Le XIVe siècle voyait donc se produire une résurrection, un épanouissement de tous ces germes de liberté passagèrement étouffés sous les ruines accumulées ; il cédait, dans ses apparentes audaces, dans ses prétendues innovations, à l’impulsion secrète, irrésistible d’un ensemble de traditions et de coutumes dont nous avons exposé les lointaines origines et les fortunes diverses : il s’inspirait, à son insu, de cette puissante continuité du souffle libéral qui, à travers tant d’épreuves subies, n’avait jamais cessé d’animer notre pays, de faire vibrer son cœur et d’éclater en sentimens nobles et fiers par l’énergie de la parole publique.
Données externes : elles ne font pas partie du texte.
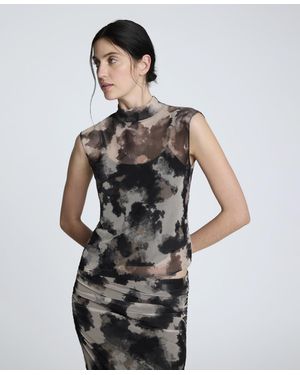 Kenneth Cole Printed Mesh Interior Cami Tank - Gray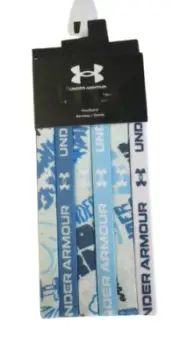 NWT Under Armour Girls Graphic Elastic Headbands Blue Flannel/Sky Blue 6-Pack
Quelle influence les états-généraux exerceront-ils, à leur tour, sur l’éloquence politique française, sur l’éducation virile du génie de notre race ? Quelle action efficace, quel rôle utile ou brillant la réunion solennelle des trois ordres va-t-elle réserver et permettre à la parole ? Ces états, qui remontent si haut et si loin dans le passé sous leur forme primitive, ont duré, comme institution, jusqu’à l’établissement de nos libertés modernes : la dernière page de leur histoire est la préface de 1789 ; leur souvenir reste gravé et conservé, en traits ineffaçables, à la base même de nos gouvernemens démocratiques ; dans cet espace de plusieurs siècles, quels orateurs ont-ils suscités ? quels monumens témoignent des talens qu’ils ont mis en lumière, de la science politique qui s’y est révélée et développée, du courage civil et des fermes convictions qui ont illustré leurs débats ? S’ils ont bien mérité de notre pays par leur résistance aux égaremens, aux corruptions du pouvoir absolu, ont-ils pareillement honoré les lettres françaises par quelques hautes inspirations, dignes d’échapper à l’oubli ? C’est ce que nous éclaircirons dans une seconde et prochaine étude.


Charles Aubertin.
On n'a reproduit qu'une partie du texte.